Citation
Levin-Güracar, E. and Woodworth, K. (2022). Creativity Challenge: Arts Education in the San Francisco Bay Area Schools. SRI International.
In 2019, the William and Flora Hewlett Foundation engaged SRI Education to “refresh” a 2007 study, published as An Unfinished Canvas (Woodworth et al., 2007). In 2022, SRI released Creativity Challenge (Woodworth et al., 2022). Both studies were commissioned to assess the status of arts education in California, examining schools’ arts programs relative to state goals, the systems of support for these programs, and the ways in which state and local policymakers might improve conditions for young people to experience arts education in schools. Both studies also included a special focus on schools in the nine Bay Area counties to enable reporting on school survey data for each of the Bay Area counties as well as to draw comparisons between the Bay Area and the rest of the state. This report presents findings focused on the Bay Area and supplements the full Creativity Challenge report on the status of arts education in California.

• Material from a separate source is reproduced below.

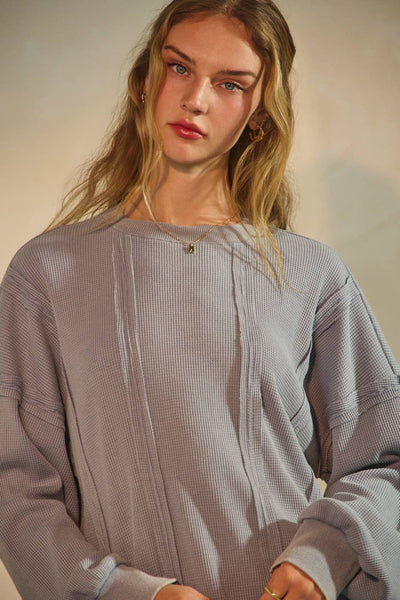 Oddi - Plus Acid Washed Thermal Textured Pullover: Washed Blue / Plus Size / 2XL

Many of the key findings in statewide Creativity Challenge report are echoed in the Bay Area data. Like the state as a whole, the vast majority of Bay Area schools are failing to meet state goals for arts education by not providing a sequential, standards-based course of study in all four of the required arts disciplines. There are some statistically significant differences between Bay Area schools and schools in the rest of California. For example, Bay Area schools were more likely than schools in the rest of the state to report relying on community-based sources of funding, such as parent group funds and parcel taxes, for arts education, and less likely to rely on Title I or other federal funds to supports arts programs.